Friday, January 14, 2011

Regarding Foreclosure Options

Megan McArdle has been commenting on foreclosure and she has made some excellent points, like "the perils of jingle mail", which is to say that returning a house does not, in many states, remove your obligation to pay for it.


With her article
"Foreclosure Options" however, she turns to the desirability and ethics of recourse (a mortgage holder can sue you for debt after foreclosing on your property) versus non-recourse mortgages, and comes down heavily on the side of recourse mortgages, particularly in a moral sense.






There is an outstanding reason that giving a mortgage borrower an "option" to cease payment, and forfeit only the security of the real estate is NOT like giving the bank the option of foreclosing to aquire increased real estate value. When a mortgage borrower stops payment, they lose not only the property, but also all the accumulated equity they have acquired. The bank does not give any money back. The value of accumulated equity lost should be sufficient to compensate banks for their loss of "options" inside a mortgage contract.

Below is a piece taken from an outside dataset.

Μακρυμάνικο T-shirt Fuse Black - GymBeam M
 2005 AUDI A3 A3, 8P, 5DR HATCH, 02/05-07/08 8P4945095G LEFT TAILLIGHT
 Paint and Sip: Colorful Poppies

The simple morality of mortgage loans aside, there are also sound macro-economic reasons to advocate no-recourse mortgage loans. Real estate bubbles are likely to have a significant and negative effect on the economy at large, affecting even people and businesses who act responsibly. Banks are unlikely to encounter large numbers of people giving up their mortgage equity unless there is a severe devaluation in the real estate market, and a bubble is the most likely cause of this. No-recourse mortgages provide an incentive for banks to discourage, rather than encourage notable real estate bubbles and misvaluations.

This incentive is important even though it is not likely that it will eliminate large market corrections on a multi-generational timescale, like the present economic downturn.

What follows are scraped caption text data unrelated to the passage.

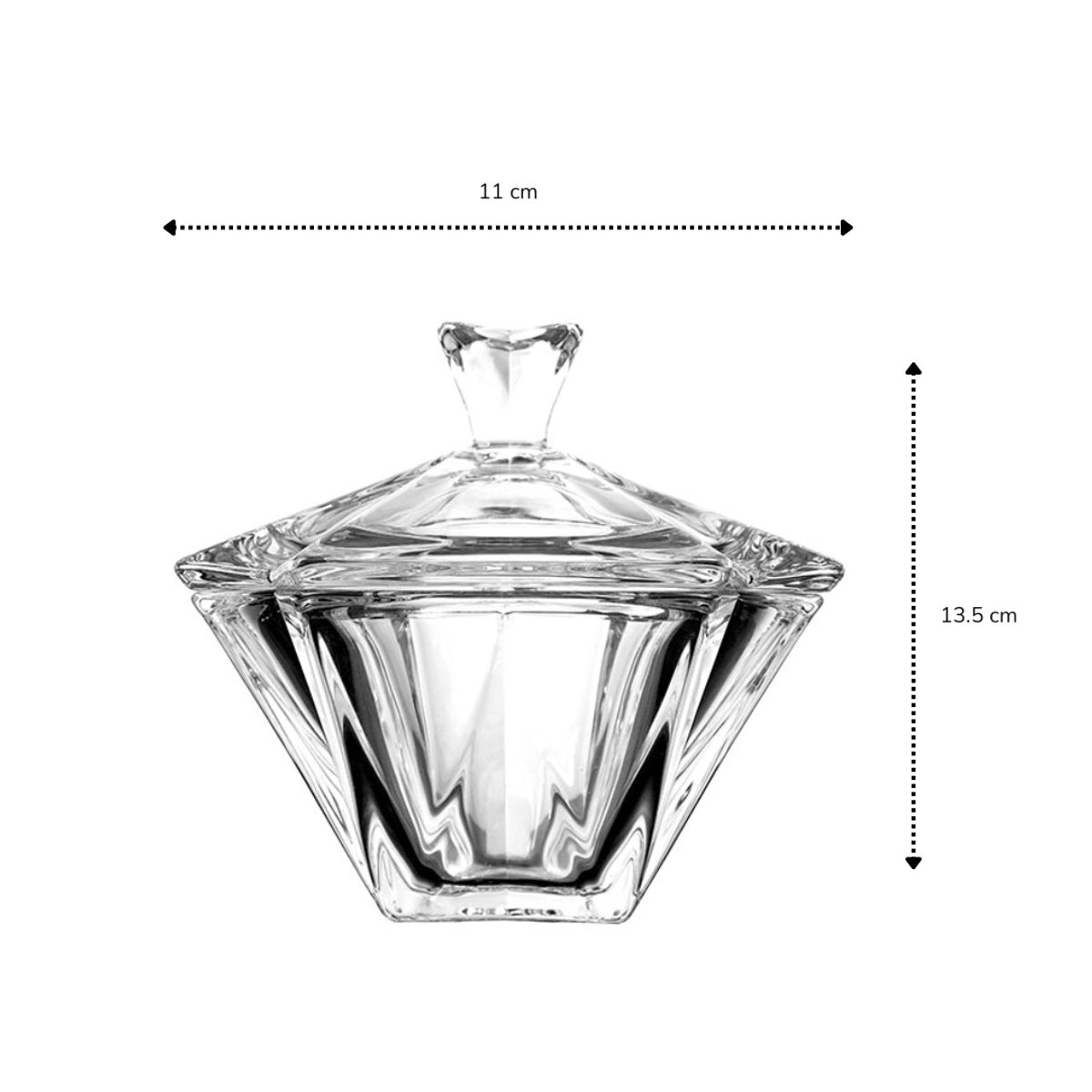 INSPIRA MARKET - Bombonera decorativa de vidrio elegante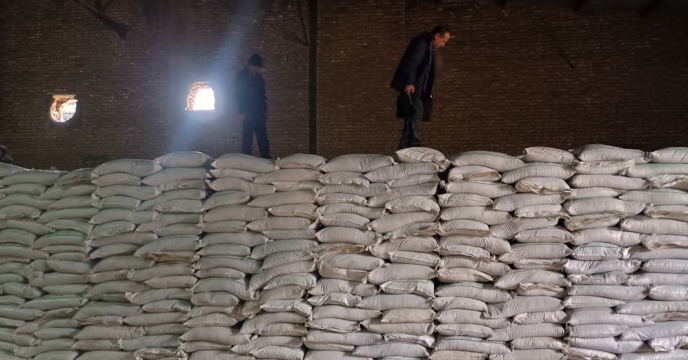 نمونه‌برداری از کود سوپر فسفات تریپل در شرکت خدمات حمایتی کشاورزی استان قزوین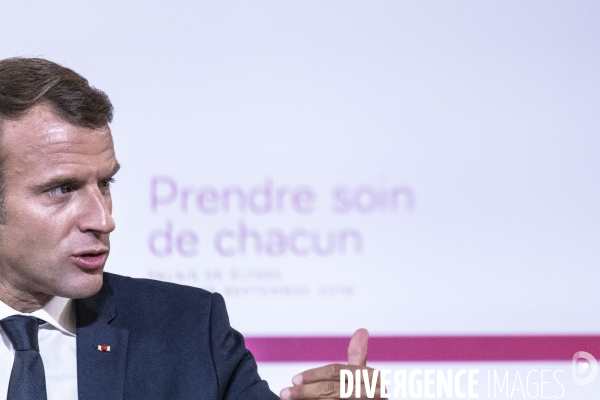 Emmanuel Macron, transformation du système de Santé.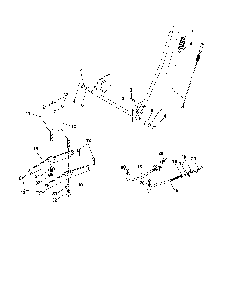 Mower lift Diagram and Parts List for 96016001900  Poulan Lawn Tractor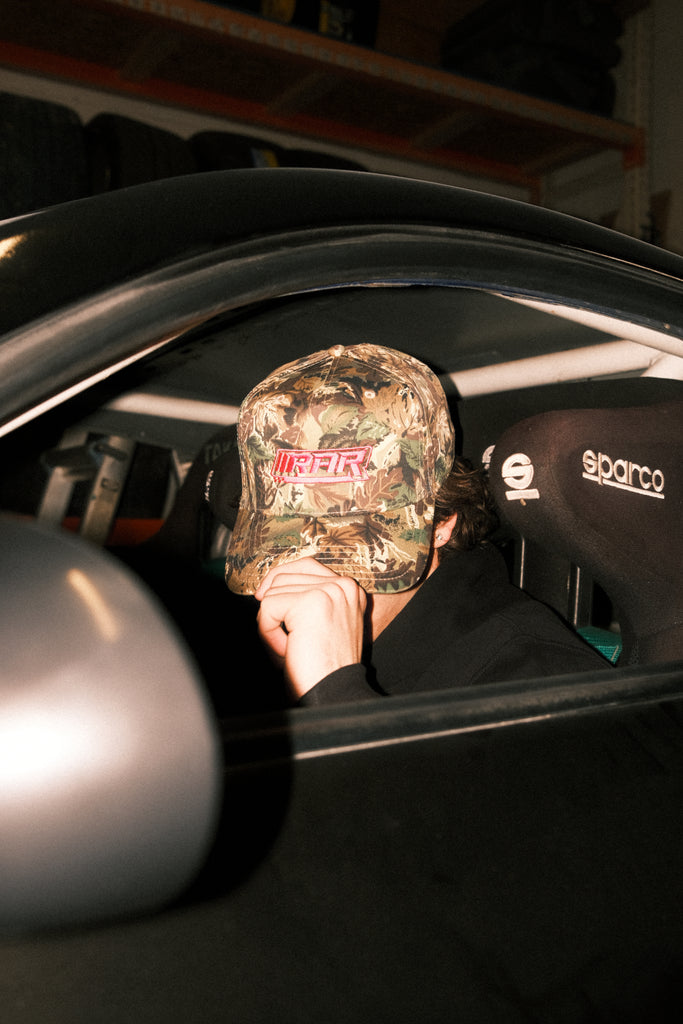 Camo Embroidered RAR Logo Cap - Pink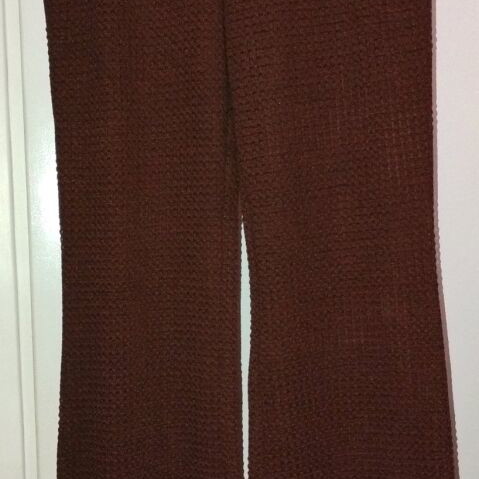 H&M Perforated Brown Pants Like New
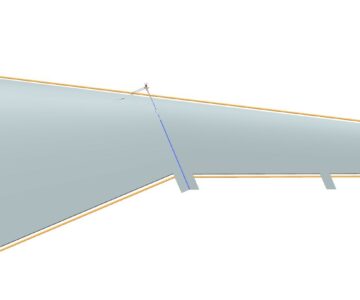 3D модель Создание 3Д модели консоли крыла с силовым набором без механизации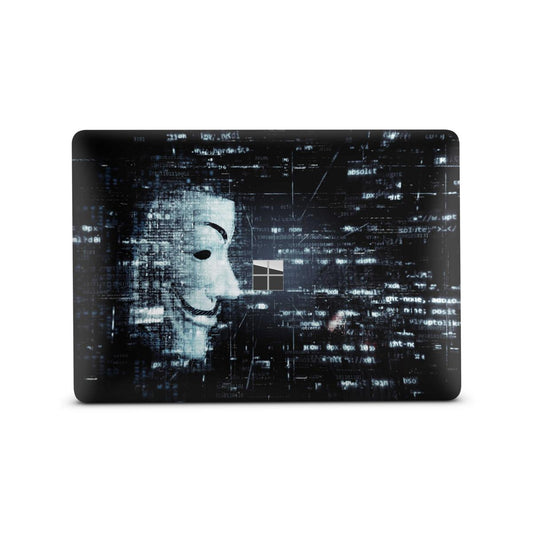 Microsoft Surface Laptop 3 4 5 Skin 13" Premium Vinylfolie Kratzerschutz Design Anonymous Elektronik-Sticker & -Aufkleber Skins4u   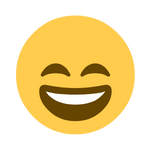 Smiling face emoji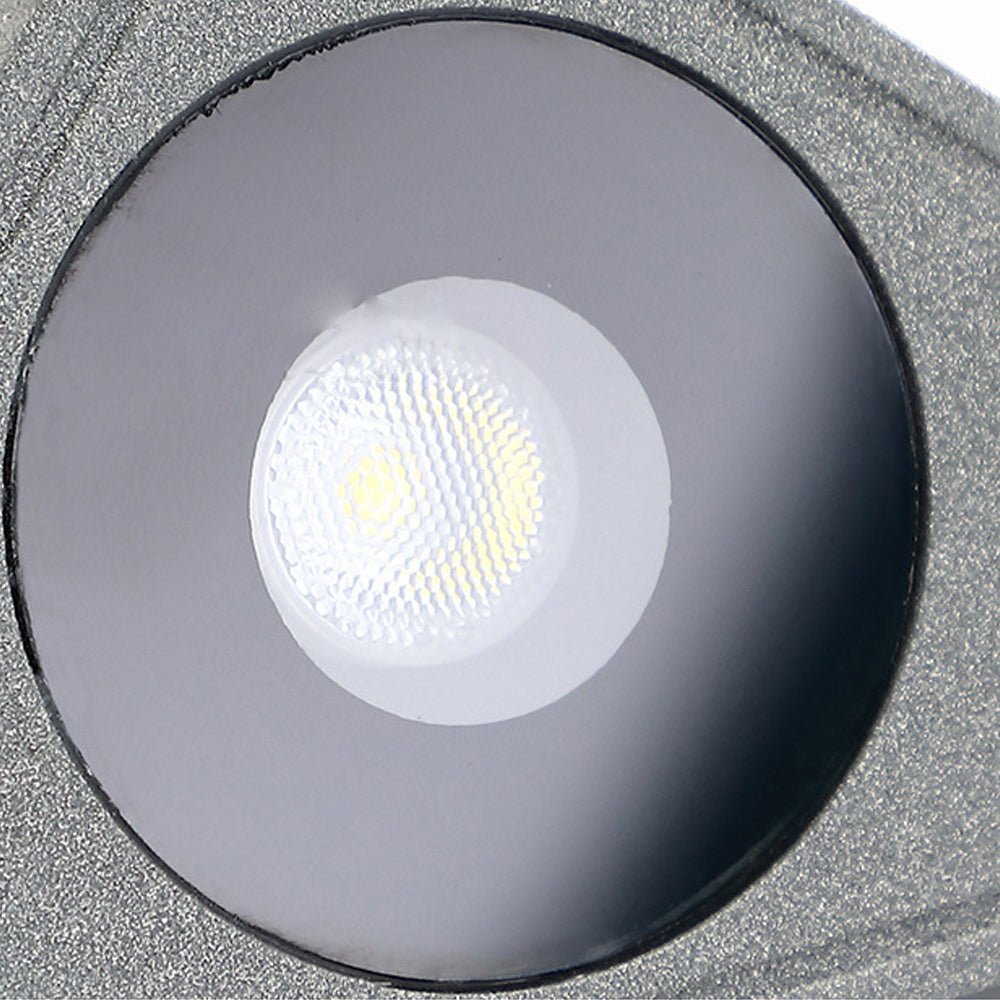 Modern Triangle LED Outdoor Step Light - Die-Cast Aluminum IP65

The majority of real estate bubbles and misvaluations take place on a local scale, and will take place at any point in the overall economic cycle. At this very time, there are still a few areas of the country like portions of North Dakota where bubbles are present, or are a risk. These many little bubbles will cumulatively inflict significant economic damage on a national economy over time, unless, and to the extent that they are suppressed. Banks are inevitably better equipped to appraise real estate and evaluate value than most members of the public, and non-recourse mortgages encourage banks to convey this information, or at a minimum, act on their own pricing information to forstall real estate bubbles built on borrowed money, rather than hide this information.